Source data:
========================================

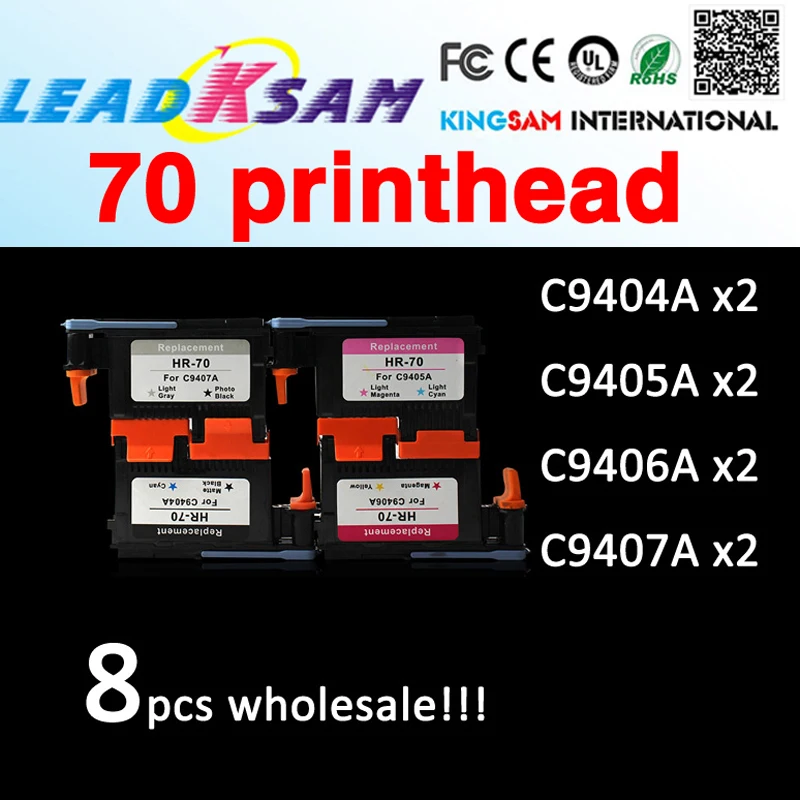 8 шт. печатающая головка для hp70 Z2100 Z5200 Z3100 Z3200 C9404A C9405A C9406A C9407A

========================================

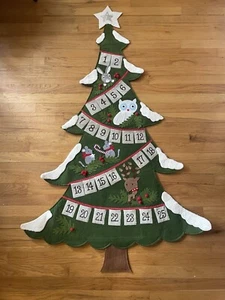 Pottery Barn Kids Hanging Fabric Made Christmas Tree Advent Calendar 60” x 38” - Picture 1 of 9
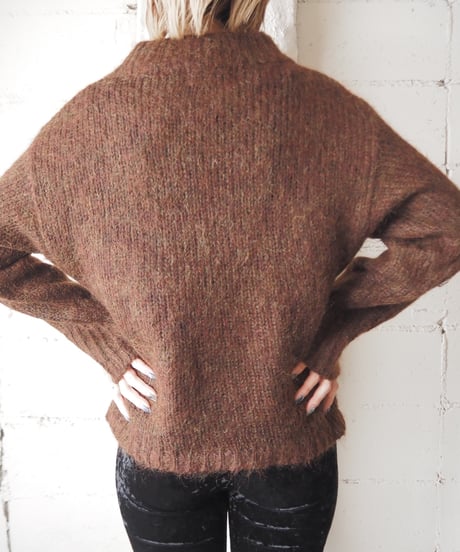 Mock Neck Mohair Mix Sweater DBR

========================================

About this task:
Copy only what runs above from the line containing "Pottery Barn Kids" through the line containing "Mock Neck Mohair Mix Sweater DBR", exactly. Leave out the pictures.

The answer:
 Pottery Barn Kids Hanging Fabric Made Christmas Tree Advent Calendar 60” x 38” - Picture 1 of 9
 Mock Neck Mohair Mix Sweater DBR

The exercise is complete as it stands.